Department of Cultural Affairs Secretary Stuart Ashman said a board
member contacted him about how CCA would go about extricating itself
from its lease with the state for the property off Old Pecos Trail.
Ashman said he told the board member that CCA would have to give 60
days notice, although he might be able to waive one of those months.
But he said that he cannot doing anything at all until he gets a formal
request from the CCA board.
CCA is up to date on its rent, Ashman said. During an earlier
financial crisis, the state had agreed to allow CCA to defer its rent
in exchange for a higher lease fee in the future. The nonprofit has
paid $1,900 in each of the last two months.
Ashman said his understanding was that CCA had enough money to pay
its bills with earned revenue, fundraisers and donations, but could not
afford its debt. He also said it is too early to say what will become
of the CCA property, although there are many organizations that would
be interested in using it.
The closing will be felt in Santa Fe, Ashman noted. "If in fact CCA
is going to disband, it will leave a void in the community because
they've provided at niche in contemporary art for emerging artists in
New Mexico for 30 years. It's a venerable institution."
Bob Gaylor, one of the founders of CCA, learned of its demise
Wednesday. From his perspective, CCA's fate was determined in part by
changes in grantmaking. "The philanthropy that made (institutions like
CCA) possible doesn't exist any more," he said, citing the loss of
major support from the National Endowment for the Arts and from state
and local arts commissions. The NEA, Gaylor said, "Just doesn't support
institutions and exhibitions, nor does the state arts commission or the
city." Funding is "dribbled out in small parcels" and is "not enough to
keep anything alive."
And in the current economy, "a lot of foundations are trying to
pitch in and to help with social needs," he noted. "Funding for the
arts is down (everywhere)." Gaylor predicted, "The arts will rise again
in other ways. (But) maybe it's time to turn the page."

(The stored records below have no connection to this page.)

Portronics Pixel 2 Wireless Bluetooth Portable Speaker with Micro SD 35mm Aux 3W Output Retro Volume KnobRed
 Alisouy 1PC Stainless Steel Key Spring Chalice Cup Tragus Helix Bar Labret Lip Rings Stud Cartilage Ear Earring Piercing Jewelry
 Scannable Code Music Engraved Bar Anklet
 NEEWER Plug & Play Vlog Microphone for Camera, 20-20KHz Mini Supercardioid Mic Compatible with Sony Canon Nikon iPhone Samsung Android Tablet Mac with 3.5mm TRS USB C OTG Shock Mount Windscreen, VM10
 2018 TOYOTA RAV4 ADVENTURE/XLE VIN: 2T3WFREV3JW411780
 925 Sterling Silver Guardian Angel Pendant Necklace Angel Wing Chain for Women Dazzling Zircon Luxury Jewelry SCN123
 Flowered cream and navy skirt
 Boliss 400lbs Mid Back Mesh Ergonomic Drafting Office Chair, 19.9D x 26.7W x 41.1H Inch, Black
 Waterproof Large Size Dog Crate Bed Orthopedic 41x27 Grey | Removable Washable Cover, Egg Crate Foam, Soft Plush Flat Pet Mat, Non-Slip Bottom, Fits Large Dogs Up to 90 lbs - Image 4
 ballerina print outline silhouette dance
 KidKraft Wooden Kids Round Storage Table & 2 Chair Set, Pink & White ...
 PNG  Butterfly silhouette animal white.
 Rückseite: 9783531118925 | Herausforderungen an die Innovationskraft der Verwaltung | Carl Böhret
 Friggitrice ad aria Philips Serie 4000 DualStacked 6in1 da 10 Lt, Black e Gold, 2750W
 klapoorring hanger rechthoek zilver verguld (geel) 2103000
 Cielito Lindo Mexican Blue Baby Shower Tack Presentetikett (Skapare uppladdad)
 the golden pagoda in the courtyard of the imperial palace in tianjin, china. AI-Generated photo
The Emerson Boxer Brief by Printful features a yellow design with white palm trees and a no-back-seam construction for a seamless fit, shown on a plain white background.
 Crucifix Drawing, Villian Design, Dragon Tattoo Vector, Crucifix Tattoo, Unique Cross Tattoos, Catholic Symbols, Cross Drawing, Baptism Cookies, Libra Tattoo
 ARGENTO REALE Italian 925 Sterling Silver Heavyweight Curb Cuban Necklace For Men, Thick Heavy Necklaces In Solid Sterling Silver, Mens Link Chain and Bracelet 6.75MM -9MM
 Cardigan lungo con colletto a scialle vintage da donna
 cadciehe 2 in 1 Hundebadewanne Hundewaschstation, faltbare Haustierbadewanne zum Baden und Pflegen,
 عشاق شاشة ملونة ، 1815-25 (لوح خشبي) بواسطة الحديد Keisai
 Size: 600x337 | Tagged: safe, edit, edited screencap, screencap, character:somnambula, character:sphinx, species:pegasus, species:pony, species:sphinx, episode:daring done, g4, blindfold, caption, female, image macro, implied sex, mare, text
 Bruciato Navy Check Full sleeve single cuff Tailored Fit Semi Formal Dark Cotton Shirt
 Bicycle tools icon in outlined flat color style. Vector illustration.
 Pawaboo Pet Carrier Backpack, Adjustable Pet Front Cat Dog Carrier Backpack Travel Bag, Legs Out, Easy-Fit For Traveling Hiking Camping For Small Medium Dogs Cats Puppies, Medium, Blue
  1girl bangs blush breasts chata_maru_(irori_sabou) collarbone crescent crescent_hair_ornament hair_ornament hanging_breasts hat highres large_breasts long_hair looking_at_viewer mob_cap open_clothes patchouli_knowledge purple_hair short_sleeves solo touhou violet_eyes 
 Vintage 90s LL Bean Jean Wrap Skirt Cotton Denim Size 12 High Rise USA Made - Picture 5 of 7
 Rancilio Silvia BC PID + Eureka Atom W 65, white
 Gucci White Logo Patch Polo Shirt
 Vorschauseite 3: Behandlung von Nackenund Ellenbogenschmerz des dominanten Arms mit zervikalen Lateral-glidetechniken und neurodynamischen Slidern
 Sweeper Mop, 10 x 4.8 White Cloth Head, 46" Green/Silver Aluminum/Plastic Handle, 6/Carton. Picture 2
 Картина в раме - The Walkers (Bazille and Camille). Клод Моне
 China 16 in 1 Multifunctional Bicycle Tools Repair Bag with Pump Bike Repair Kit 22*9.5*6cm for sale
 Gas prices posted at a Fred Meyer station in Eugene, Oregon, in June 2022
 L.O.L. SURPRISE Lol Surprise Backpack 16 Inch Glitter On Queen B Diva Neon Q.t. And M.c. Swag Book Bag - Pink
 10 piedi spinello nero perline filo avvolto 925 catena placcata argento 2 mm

Steve Buck, a former director of CCA, noted that the financial
downturn is hurting all foundations, and individuals, who support arts
organizations. That's the global view, he said. But CCA also suffers
from the fact that it's in Santa Fe, which has a dearth of corporate
givers and lost one this year in Thornburg Mortgage. And, unlike Site
Santa Fe, the other contemporary art exhibition space, it never had
major ongoing support of foundations, he said.
He also blamed some of the problems on the lack of financial
support from the board. "It takes a really strong, well-connected
board, and, in my opinion, (CCA) didn't have it," Buck said. As
director, he added, "I did all the fundraising."
And he alienated some when he tried to remove people from the board
who didn't raise money, he said. When he took over in 2004, some
members, he said, were "contributing at the level of a family
membership."
Alan Fleischer, a former board chairman, called the closing a
"major loss for the community as well as for the state. CCA was a great
role model for a regional arts organization," he said.
He said he thought the problems, however, had more to do with
hubris on the part of some leaders of CCA over the years than with
money. "It's unfortunate that the combination of finances and political
matters and personality conflicts would cost the community this great
organization with its incredible history," he said.